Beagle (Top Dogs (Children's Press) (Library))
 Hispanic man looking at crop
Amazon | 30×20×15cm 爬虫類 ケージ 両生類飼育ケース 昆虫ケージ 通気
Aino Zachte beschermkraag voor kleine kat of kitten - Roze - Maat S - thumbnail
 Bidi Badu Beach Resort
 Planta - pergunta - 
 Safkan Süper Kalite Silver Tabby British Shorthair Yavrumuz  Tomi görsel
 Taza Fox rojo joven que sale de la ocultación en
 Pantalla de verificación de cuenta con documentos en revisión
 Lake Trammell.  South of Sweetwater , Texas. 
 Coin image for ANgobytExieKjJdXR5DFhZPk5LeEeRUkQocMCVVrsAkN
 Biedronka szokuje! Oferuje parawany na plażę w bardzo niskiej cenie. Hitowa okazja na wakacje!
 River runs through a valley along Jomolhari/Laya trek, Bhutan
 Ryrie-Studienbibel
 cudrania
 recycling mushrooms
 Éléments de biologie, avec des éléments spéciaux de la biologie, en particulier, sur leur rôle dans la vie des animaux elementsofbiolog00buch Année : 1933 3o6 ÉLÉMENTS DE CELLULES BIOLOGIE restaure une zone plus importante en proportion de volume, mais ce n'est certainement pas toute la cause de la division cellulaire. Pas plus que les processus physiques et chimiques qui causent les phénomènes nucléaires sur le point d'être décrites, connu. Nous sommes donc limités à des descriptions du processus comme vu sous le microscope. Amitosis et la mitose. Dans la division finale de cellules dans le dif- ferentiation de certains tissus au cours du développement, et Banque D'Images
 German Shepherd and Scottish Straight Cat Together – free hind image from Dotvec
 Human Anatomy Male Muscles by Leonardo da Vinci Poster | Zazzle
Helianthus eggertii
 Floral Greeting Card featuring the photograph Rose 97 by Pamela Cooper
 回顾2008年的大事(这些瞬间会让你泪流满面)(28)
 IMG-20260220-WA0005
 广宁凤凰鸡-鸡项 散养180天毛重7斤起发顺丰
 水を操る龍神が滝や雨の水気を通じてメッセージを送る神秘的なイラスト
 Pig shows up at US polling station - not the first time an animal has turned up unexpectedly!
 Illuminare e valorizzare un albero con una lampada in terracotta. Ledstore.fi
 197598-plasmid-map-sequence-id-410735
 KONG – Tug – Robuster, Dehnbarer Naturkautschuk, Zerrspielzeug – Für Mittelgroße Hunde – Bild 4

▶ _Your task_: Print, exactly as written, the first line of the records above and each line after it until the line with "Biedronka szokuje! Oferuje", which is printed too.

▶ _Solution below_:
Beagle (Top Dogs (Children's Press) (Library))
 Hispanic man looking at crop
Amazon | 30×20×15cm 爬虫類 ケージ 両生類飼育ケース 昆虫ケージ 通気
Aino Zachte beschermkraag voor kleine kat of kitten - Roze - Maat S - thumbnail
 Bidi Badu Beach Resort
 Planta - pergunta - 
 Safkan Süper Kalite Silver Tabby British Shorthair Yavrumuz  Tomi görsel
 Taza Fox rojo joven que sale de la ocultación en
 Pantalla de verificación de cuenta con documentos en revisión
 Lake Trammell.  South of Sweetwater , Texas. 
 Coin image for ANgobytExieKjJdXR5DFhZPk5LeEeRUkQocMCVVrsAkN
 Biedronka szokuje! Oferuje parawany na plażę w bardzo niskiej cenie. Hitowa okazja na wakacje!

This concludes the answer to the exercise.